• [What you have to do] In the records below, the relevant part opens with the line containing "Lounge Underwear White" and closes with the line containing "Denmark 1875 year"; print that part exactly and only, without its pictures.
BEGIN The records
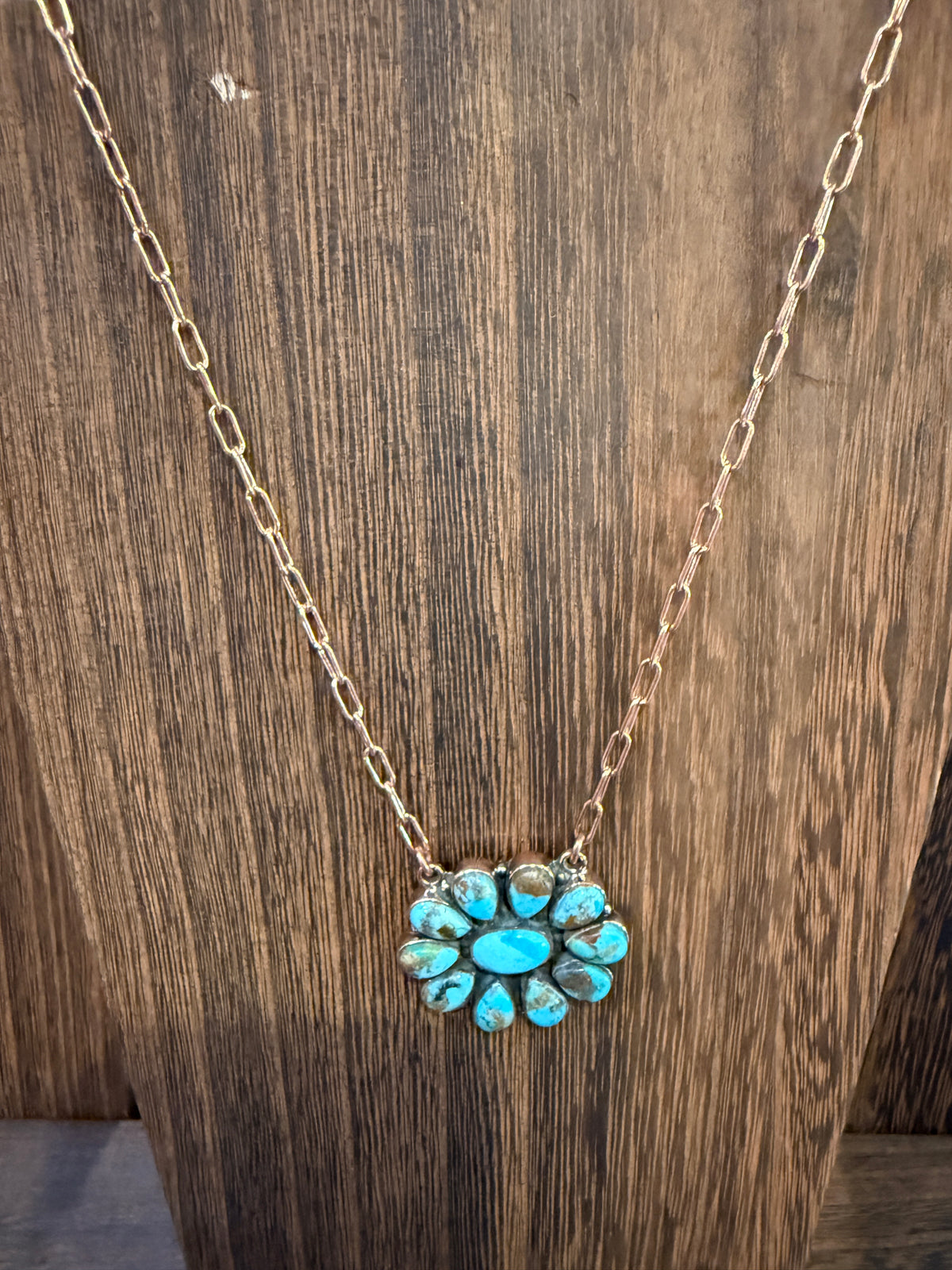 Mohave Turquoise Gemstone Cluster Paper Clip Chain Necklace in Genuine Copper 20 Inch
END The records
BEGIN The records
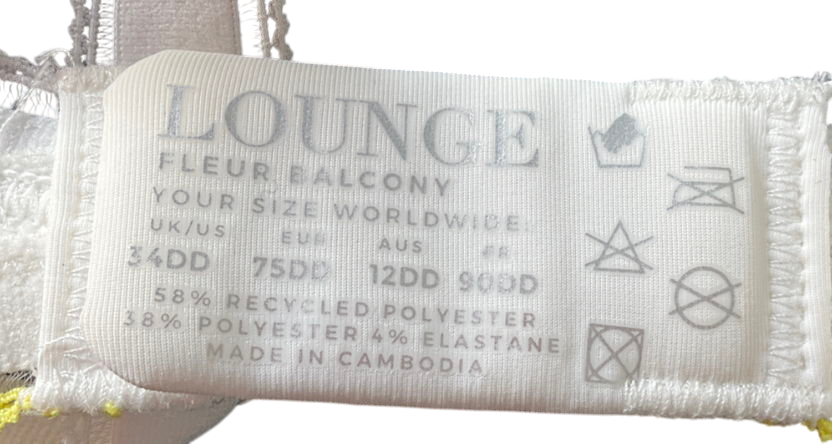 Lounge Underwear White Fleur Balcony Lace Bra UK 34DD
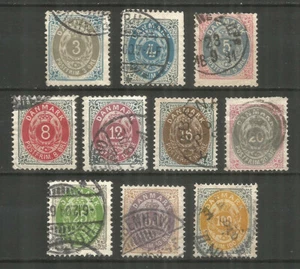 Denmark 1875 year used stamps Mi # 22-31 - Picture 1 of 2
END The records
• [Exercise output]
 Lounge Underwear White Fleur Balcony Lace Bra UK 34DD
 Denmark 1875 year used stamps Mi # 22-31 - Picture 1 of 2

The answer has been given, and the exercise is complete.